With the devastation of Hurricane Sandy still eminent along the Eastern coastline, Hungry Man director Dave Laden and his crew spent two days capturing the stories of those who received the brunt of the storm in Rockaway, Queens, Seaside, New Jersey and Ortley Beach, New Jersey. The project is aimed to gather donations for locals who survived Hurricane Sandy and are currently trying to build their lives back from the destruction. We had a chat with Dave Laden to discuss how he got involved with this project and the difficulties of shooting in the aftermath.
Q: Why did you decide to get involved with this project?

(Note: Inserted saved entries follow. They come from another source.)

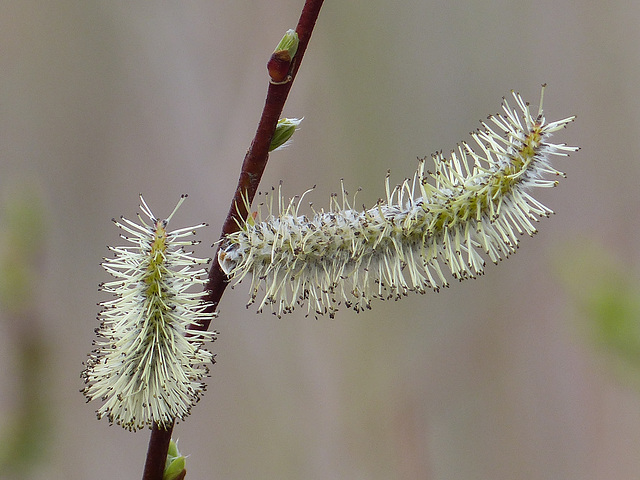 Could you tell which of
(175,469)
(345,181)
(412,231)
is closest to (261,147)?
(412,231)

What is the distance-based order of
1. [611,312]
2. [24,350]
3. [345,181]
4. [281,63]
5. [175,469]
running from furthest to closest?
[345,181] < [24,350] < [611,312] < [175,469] < [281,63]

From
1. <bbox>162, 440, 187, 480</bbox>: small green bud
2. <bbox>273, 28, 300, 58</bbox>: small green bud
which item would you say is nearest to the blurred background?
<bbox>162, 440, 187, 480</bbox>: small green bud

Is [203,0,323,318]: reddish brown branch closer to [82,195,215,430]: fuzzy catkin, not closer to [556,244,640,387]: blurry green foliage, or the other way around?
[82,195,215,430]: fuzzy catkin

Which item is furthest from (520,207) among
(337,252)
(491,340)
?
(491,340)

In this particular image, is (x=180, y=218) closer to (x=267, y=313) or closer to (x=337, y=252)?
(x=267, y=313)

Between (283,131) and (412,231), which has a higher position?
(283,131)

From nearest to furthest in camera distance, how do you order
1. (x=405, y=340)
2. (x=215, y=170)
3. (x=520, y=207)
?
(x=520, y=207), (x=215, y=170), (x=405, y=340)

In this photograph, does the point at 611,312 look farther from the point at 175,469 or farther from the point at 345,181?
the point at 345,181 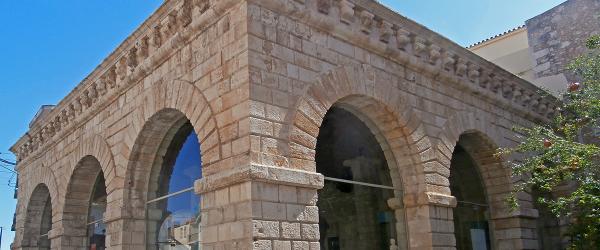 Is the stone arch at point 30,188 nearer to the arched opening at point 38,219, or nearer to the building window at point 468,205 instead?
the arched opening at point 38,219

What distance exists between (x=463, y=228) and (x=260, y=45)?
16.3 ft

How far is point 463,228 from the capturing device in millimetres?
8953

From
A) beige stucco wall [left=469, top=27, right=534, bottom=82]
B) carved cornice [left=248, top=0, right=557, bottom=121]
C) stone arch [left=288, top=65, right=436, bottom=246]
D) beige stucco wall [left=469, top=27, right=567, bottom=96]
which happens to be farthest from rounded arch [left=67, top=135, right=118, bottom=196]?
beige stucco wall [left=469, top=27, right=534, bottom=82]

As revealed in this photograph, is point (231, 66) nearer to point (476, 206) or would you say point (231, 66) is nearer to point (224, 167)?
point (224, 167)

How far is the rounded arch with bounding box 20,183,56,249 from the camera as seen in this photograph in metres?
12.1

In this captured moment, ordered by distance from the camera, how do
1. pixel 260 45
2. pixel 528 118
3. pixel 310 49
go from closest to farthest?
pixel 260 45
pixel 310 49
pixel 528 118

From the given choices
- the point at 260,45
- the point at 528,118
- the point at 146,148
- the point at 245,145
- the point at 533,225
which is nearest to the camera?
the point at 245,145

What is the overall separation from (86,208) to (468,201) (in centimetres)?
693

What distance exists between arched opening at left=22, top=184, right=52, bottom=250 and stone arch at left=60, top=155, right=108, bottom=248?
2394mm

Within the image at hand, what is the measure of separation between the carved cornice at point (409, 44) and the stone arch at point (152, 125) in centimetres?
156

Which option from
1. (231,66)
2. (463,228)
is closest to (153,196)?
(231,66)

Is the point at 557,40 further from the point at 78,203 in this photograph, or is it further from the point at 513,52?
the point at 78,203

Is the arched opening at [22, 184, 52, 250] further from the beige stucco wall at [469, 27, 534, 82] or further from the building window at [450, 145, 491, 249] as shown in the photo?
the beige stucco wall at [469, 27, 534, 82]

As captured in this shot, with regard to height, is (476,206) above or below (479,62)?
below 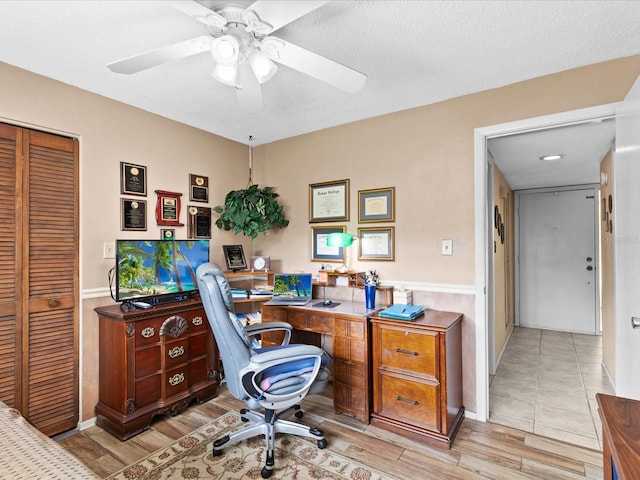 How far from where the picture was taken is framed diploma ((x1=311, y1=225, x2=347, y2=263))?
124 inches

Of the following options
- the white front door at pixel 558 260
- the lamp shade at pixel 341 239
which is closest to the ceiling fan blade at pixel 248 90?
the lamp shade at pixel 341 239

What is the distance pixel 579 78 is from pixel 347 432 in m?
2.77

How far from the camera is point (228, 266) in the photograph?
3.35 metres

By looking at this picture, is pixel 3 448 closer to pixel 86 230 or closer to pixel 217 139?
pixel 86 230

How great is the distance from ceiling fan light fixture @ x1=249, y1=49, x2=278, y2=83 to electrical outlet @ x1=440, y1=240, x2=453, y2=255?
5.74 feet

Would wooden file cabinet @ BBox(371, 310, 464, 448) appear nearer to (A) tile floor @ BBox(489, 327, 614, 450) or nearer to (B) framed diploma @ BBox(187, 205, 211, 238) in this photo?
(A) tile floor @ BBox(489, 327, 614, 450)

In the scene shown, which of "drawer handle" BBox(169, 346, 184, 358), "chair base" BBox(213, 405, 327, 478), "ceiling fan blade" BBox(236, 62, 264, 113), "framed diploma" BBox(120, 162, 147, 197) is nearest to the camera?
"ceiling fan blade" BBox(236, 62, 264, 113)

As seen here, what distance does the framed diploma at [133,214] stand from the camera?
8.70ft

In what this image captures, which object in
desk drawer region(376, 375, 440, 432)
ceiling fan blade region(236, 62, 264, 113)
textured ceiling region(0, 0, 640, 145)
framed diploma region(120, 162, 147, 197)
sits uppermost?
textured ceiling region(0, 0, 640, 145)

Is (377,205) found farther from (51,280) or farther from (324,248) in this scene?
(51,280)

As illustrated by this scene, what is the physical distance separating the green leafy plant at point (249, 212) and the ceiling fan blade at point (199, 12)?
1931 mm

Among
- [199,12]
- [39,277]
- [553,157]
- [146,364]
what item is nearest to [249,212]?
[146,364]

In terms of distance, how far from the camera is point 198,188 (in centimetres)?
323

DL: The second I got the call to do something for Hurricane Sandy relief I was in. It was a combination of wanting to help in anyway that I could and the fact that I had grown up in New Jersey and went to the Jersey shore every summer of childhood. When my buddy Mark Wenneker at Mullen called, I didn’t have to read the script. I knew it was going to be good. But once I did read it… and I saw an opportunity to re–write and re-think a classic holiday song—it was a done deal for me. The only problem was that it needed to be shot, edited and on air in 4 days and here I was in my car, driving down the 405 in LA. I made one call to our executive producer in NY, Kevin Byrne and the next thing you know, I was on a plane to New Jersey.
Q: Was it difficult shooting in Rockaway/Jersey Shore? Was it as bad as you expected?
DL: Now that the filming part is done, I’m blown away by the people who made this shoot possible. Nothing to do with me and everything to do with my team. What they were able to get us access to and the people that rallied to make this work in such a short amount of time in such a highly restricted disaster areas was unreal. Visually, what I saw was a hundred times worse than the worst image I saw on TV. It was extremely emotional for all of us, but the handshakes and the hugs in the end were worth every second.
Q: What is going on there now? Can you give us the real deal?
DL: It is ROUGH. Entire communities and neighborhoods have been wiped out, flattened and destroyed. They need LOTS of help and they will continue to need our help for the next few years. As for right now, right this second, any help is good help. Even hugs. Seriously these people love hugs. But many of them lost EVERYTHING. So anything you can give is going to make a difference.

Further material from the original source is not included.